(EXCERPTED RECORDS Opens)

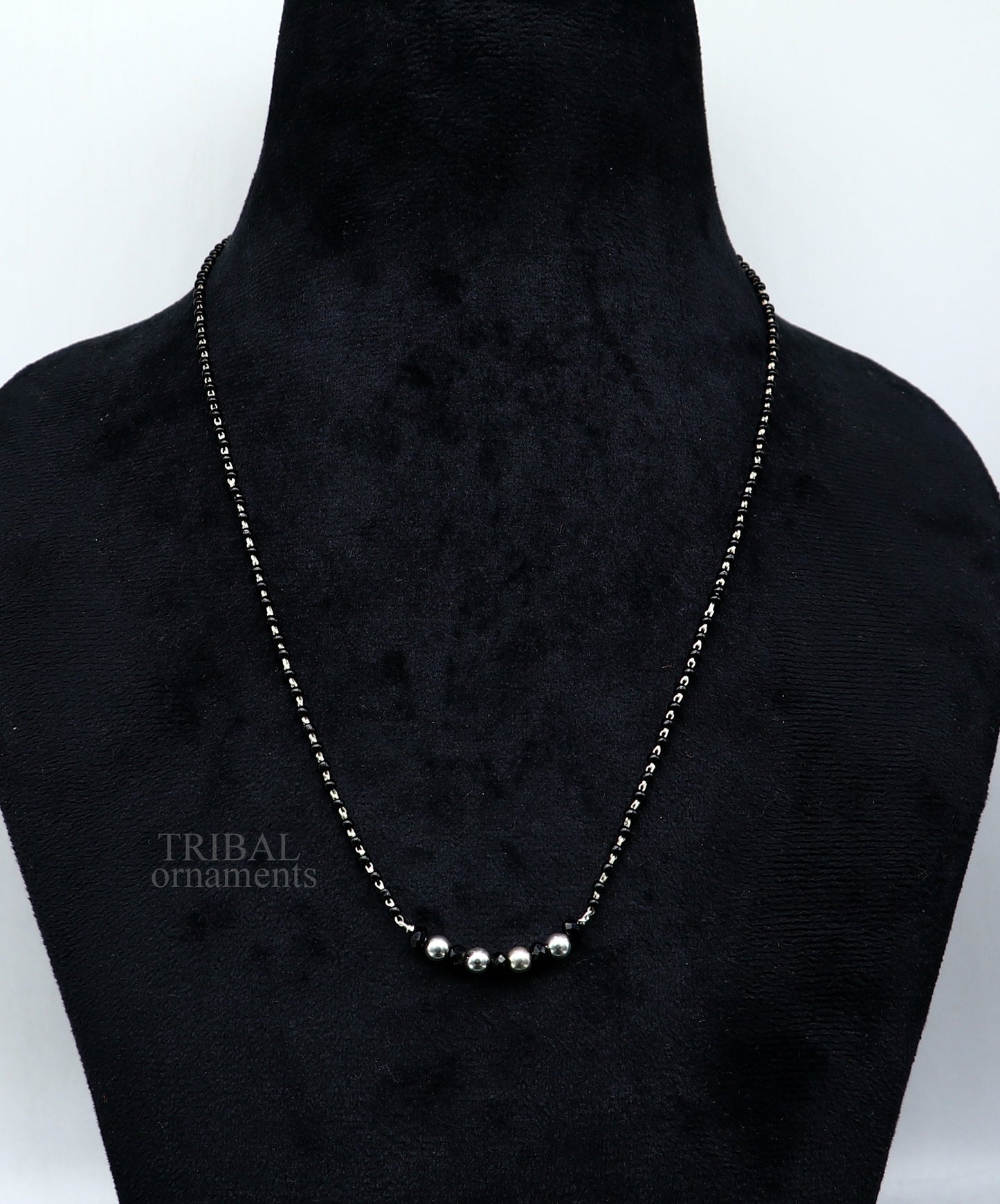 Elegant 925 sterling silver black beads chain necklace, gorgeous small stone design pendant, Mangalsutra chain beaded necklace set328 - TRIBAL ORNAMENTS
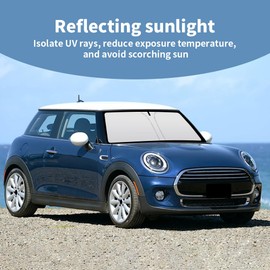 Front Windshield Sun Shade Custom Fit Compatible for Mini Cooper F55 Sunshade Foldable UV Ray Reflector Sun Visor Protector Accessories Shield Cover Reflective (for Mini Cooper F55)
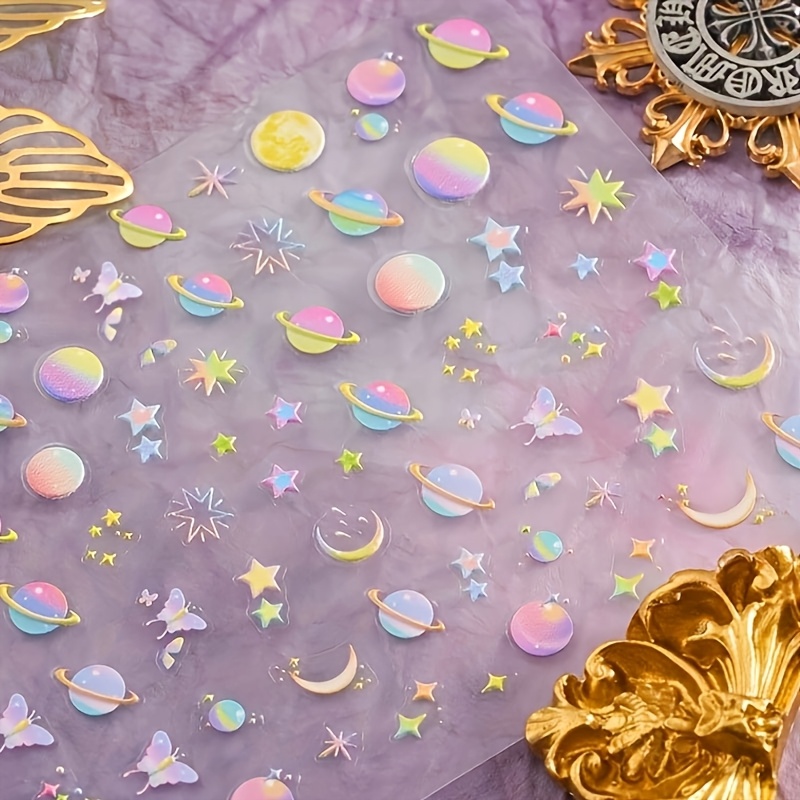 1pc Of 5d Embossed Planet-themed Nail Stickers, Decorative Decals For Nail Art Featuring Cartoon Planets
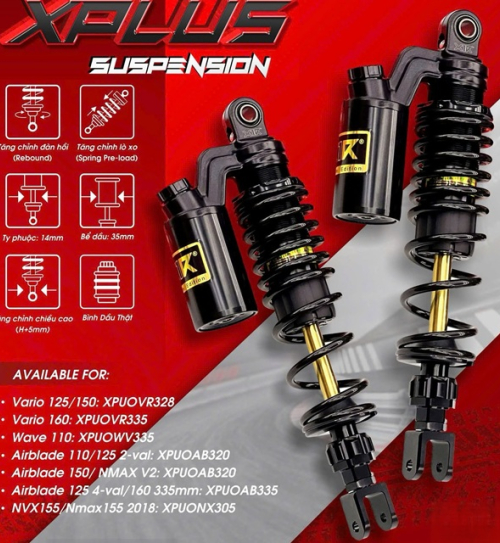 Phuộc X1R X Plus ty vàng bình dầu cho Air Blade 2val chính hãng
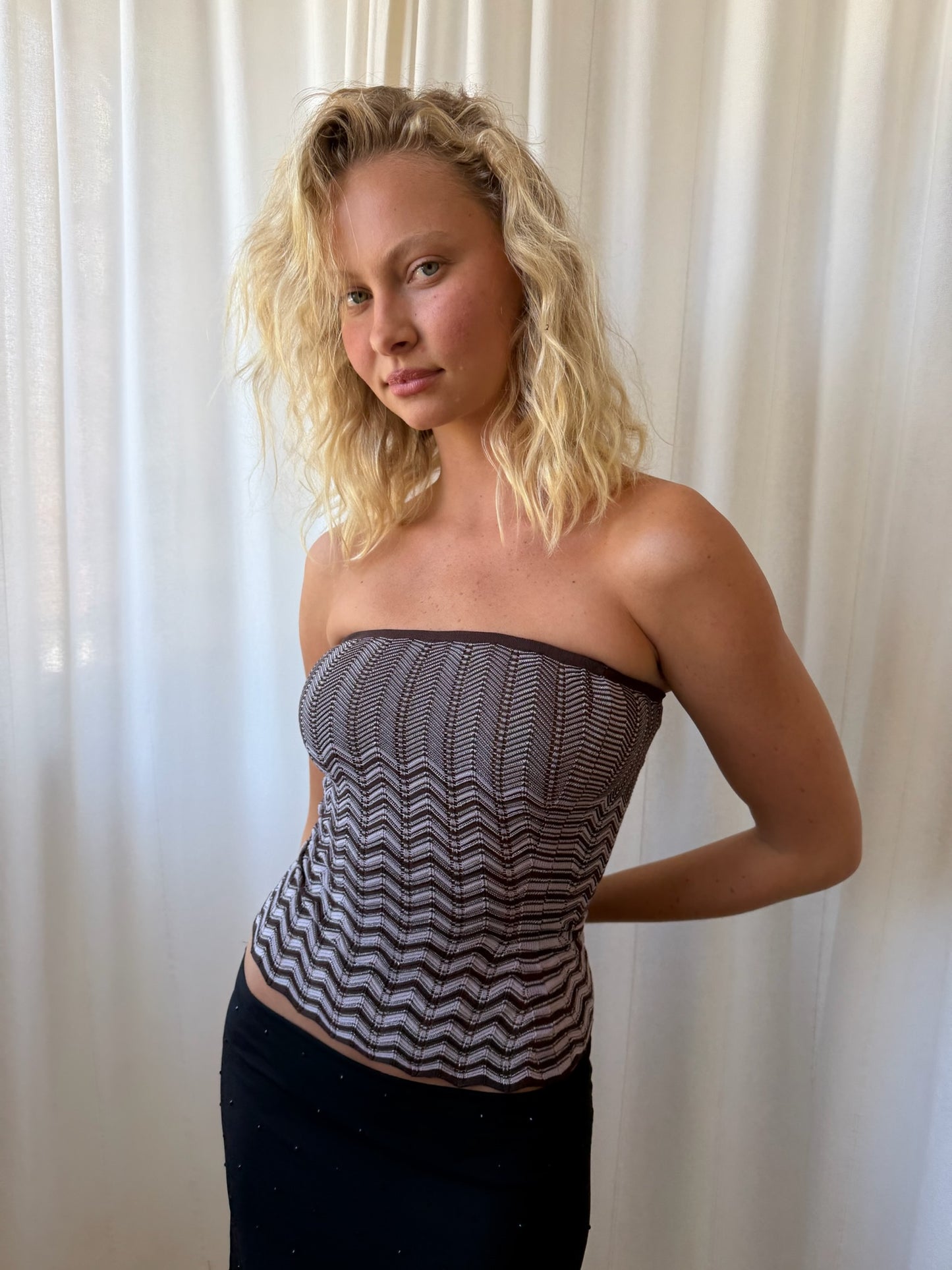 KNIT CHEVRON TUBE TOP - CHOC GREY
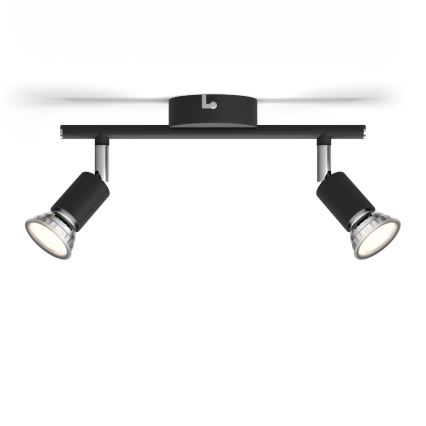 Spot 2xGU10/50W/230V negru Philips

(EXCERPTED RECORDS Closes)

- [EXERCISE REQUIREMENTS] Every entry above should be duplicated exactly. Do not include the images.

- [SOLUTION FOR THIS TASK]
 Elegant 925 sterling silver black beads chain necklace, gorgeous small stone design pendant, Mangalsutra chain beaded necklace set328 - TRIBAL ORNAMENTS
 Front Windshield Sun Shade Custom Fit Compatible for Mini Cooper F55 Sunshade Foldable UV Ray Reflector Sun Visor Protector Accessories Shield Cover Reflective (for Mini Cooper F55)
 1pc Of 5d Embossed Planet-themed Nail Stickers, Decorative Decals For Nail Art Featuring Cartoon Planets
 Phuộc X1R X Plus ty vàng bình dầu cho Air Blade 2val chính hãng
 KNIT CHEVRON TUBE TOP - CHOC GREY
 Spot 2xGU10/50W/230V negru Philips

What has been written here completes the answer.